Similarly, considering How to Train Your Dragon 2’s epic multi-stage battle with Bludvest that dominated half of the film’s run time, The Hidden World’s more relaxed pace and casual stakes render a rather mellow finish to what has been overall an action-heavy trilogy. While that may disappoint some viewers who relished the second movie’s stronger emphasis on dramatic warfare, this more laid-back approach does allow for a closer focus on the characters who fans fell in love with in the first film, laying the groundwork for a truly heartfelt final journey.
DeBlois and his animators certainly haven’t lost their touch when it comes to their charming and imaginative creature designs relating to their dragons (look out for the tribble-like hobgobbler).
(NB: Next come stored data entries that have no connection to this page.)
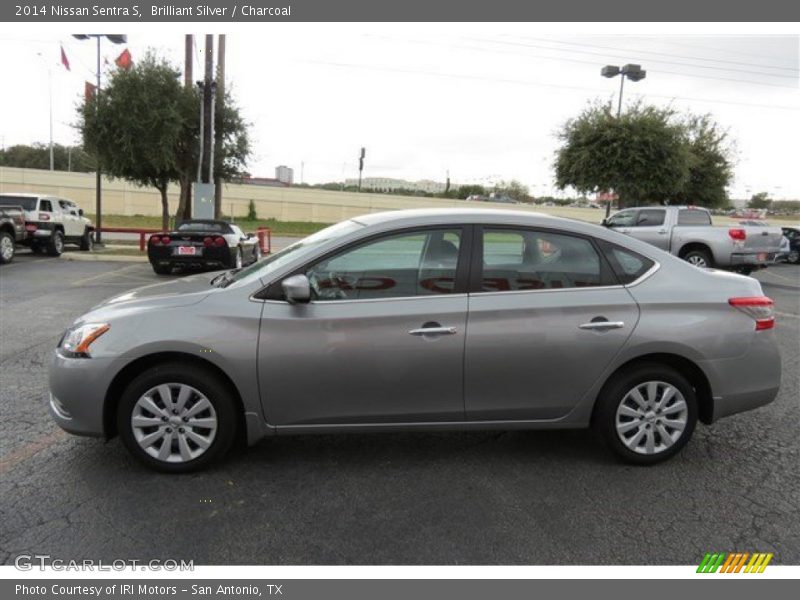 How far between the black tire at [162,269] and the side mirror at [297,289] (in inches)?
431

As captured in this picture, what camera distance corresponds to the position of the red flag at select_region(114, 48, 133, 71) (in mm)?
19656

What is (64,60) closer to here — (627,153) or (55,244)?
(55,244)

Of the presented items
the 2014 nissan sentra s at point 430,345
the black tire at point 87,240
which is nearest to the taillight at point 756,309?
the 2014 nissan sentra s at point 430,345

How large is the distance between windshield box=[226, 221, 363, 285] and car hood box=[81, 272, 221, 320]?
22cm

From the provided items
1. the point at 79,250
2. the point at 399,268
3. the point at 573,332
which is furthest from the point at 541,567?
the point at 79,250

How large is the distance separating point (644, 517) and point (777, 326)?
702cm

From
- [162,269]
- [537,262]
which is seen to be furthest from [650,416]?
[162,269]

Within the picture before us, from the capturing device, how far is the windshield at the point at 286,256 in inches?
149

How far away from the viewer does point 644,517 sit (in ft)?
10.6

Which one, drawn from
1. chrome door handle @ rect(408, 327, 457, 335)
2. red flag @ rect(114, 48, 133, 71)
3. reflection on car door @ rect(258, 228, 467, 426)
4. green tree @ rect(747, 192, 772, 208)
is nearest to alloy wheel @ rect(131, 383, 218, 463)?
reflection on car door @ rect(258, 228, 467, 426)

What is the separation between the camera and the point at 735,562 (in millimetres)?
2871

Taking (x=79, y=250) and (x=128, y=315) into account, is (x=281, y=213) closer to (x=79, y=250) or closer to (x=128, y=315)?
(x=79, y=250)

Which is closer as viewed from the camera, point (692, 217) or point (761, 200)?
point (692, 217)

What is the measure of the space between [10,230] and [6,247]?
0.55m
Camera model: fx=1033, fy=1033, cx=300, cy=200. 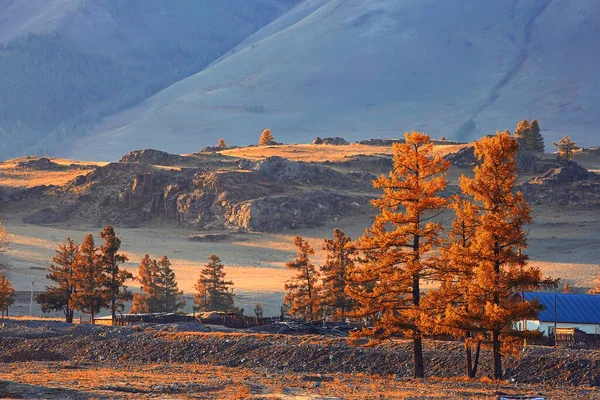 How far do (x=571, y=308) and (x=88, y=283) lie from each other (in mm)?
26244

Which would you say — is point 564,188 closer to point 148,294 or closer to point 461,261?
point 148,294

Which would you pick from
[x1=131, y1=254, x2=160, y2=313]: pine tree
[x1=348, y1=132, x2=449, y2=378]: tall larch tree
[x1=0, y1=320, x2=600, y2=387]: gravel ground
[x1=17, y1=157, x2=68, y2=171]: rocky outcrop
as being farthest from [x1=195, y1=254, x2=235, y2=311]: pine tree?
[x1=17, y1=157, x2=68, y2=171]: rocky outcrop

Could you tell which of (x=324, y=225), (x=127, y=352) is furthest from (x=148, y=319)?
(x=324, y=225)

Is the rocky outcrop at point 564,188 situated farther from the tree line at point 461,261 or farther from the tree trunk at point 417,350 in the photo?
the tree trunk at point 417,350

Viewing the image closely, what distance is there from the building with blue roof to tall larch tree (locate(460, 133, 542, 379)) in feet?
53.1

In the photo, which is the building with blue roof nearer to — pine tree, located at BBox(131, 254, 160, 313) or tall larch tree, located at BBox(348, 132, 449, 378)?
tall larch tree, located at BBox(348, 132, 449, 378)

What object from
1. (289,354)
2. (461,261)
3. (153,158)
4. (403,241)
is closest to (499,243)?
(461,261)

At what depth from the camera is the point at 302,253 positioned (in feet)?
191

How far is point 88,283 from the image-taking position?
190ft

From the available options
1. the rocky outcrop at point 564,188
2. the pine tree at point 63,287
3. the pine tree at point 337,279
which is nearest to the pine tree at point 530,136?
the rocky outcrop at point 564,188

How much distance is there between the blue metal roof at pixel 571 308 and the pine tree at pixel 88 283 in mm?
23550

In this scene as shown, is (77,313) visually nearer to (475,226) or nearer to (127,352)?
(127,352)

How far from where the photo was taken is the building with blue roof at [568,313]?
48.0 meters

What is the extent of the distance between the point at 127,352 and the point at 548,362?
15.6 m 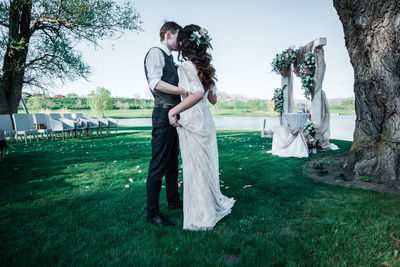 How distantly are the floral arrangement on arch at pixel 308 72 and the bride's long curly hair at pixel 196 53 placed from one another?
661cm

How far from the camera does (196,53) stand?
234cm

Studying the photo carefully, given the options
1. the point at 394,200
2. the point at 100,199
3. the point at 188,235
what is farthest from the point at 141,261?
the point at 394,200

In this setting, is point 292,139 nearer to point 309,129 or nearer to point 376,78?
point 309,129

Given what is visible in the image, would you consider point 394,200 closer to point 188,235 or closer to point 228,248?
point 228,248

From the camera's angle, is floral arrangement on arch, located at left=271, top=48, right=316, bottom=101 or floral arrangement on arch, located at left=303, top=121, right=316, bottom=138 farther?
floral arrangement on arch, located at left=271, top=48, right=316, bottom=101

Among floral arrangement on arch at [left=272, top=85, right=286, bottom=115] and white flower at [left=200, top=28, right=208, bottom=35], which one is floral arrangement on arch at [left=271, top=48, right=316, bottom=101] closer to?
floral arrangement on arch at [left=272, top=85, right=286, bottom=115]

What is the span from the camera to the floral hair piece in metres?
2.27

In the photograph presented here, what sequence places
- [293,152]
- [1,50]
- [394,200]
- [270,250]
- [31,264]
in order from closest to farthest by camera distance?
[31,264]
[270,250]
[394,200]
[293,152]
[1,50]

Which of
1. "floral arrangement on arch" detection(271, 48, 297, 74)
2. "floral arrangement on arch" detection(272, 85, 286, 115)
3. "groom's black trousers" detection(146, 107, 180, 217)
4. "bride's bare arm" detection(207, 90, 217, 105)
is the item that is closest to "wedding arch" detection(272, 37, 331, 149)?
"floral arrangement on arch" detection(271, 48, 297, 74)

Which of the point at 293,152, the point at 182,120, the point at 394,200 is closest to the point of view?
the point at 182,120

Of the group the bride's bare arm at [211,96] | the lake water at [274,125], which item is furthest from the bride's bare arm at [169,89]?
the lake water at [274,125]

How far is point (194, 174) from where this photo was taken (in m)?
2.42

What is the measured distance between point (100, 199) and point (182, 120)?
6.33ft

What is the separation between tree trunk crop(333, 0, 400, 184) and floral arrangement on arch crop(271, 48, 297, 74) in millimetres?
4848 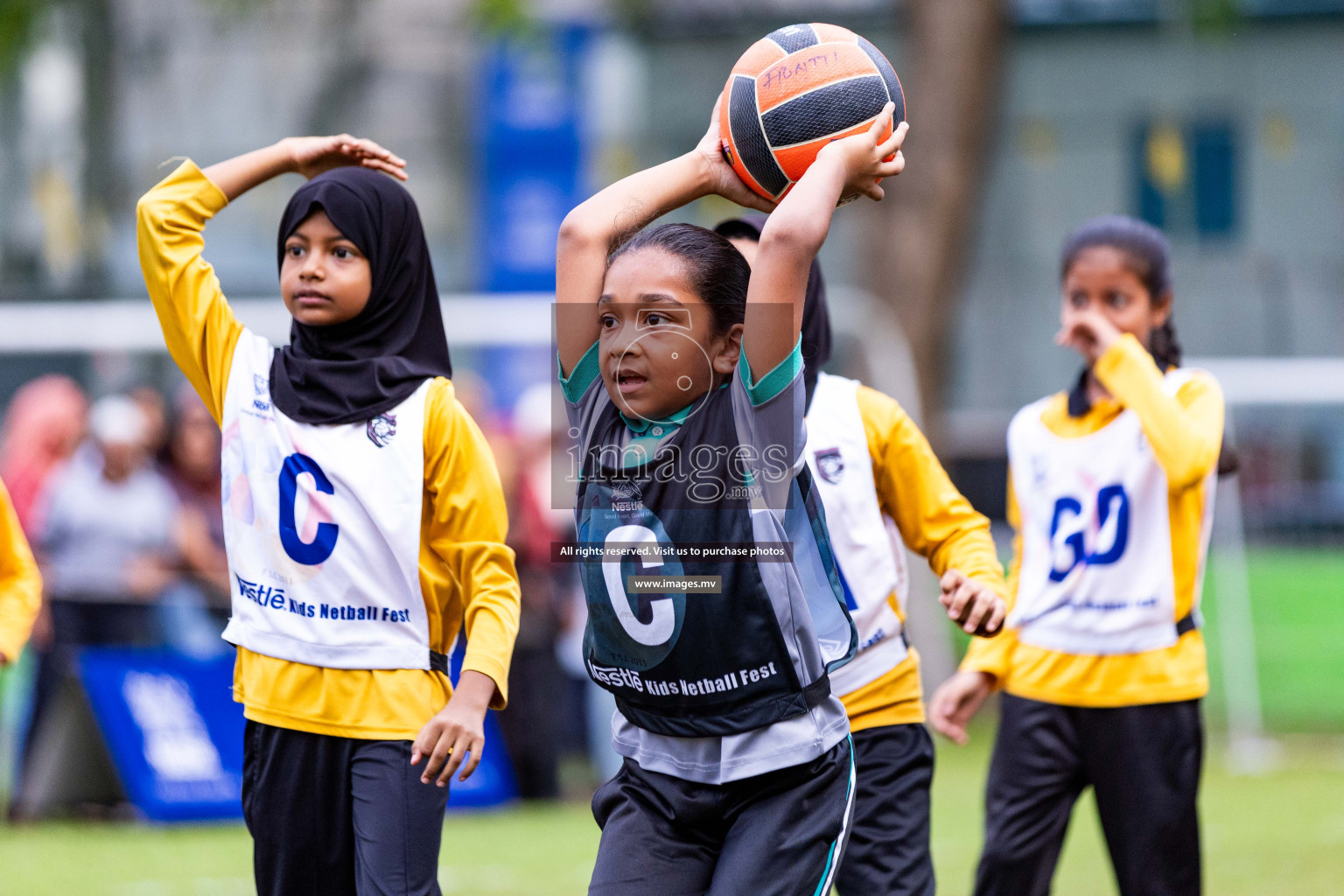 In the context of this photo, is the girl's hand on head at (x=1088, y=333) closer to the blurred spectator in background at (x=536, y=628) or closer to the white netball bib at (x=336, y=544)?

A standout sequence involves Toothless’s endearing display of courtship as he fumbles his way trying to impress the pretty new white dragon. The clumsy dance is adorable, and the two dragons just might steal your heart. You’re also bound to feel Hiccup’s pain as he begins to feel both like a father who who is forced to give away his child, as well as a jealous former best friend.
It all serves to lay the foundation for an earnest and poignant farewell, in which this story really is given a legitimate conclusion that proves that (at least for now) DreamWorks is serious about giving this series a proper exit, rather than continuously grinding out sequels into oblivion. How to Train Your Dragon: The Hidden World may not provide the artistic crescendo you may have hoped for, but it does provide its characters a moving goodbye, and effectively rounds out a series that represents some of the full range of potential of not only animation, but of film in general.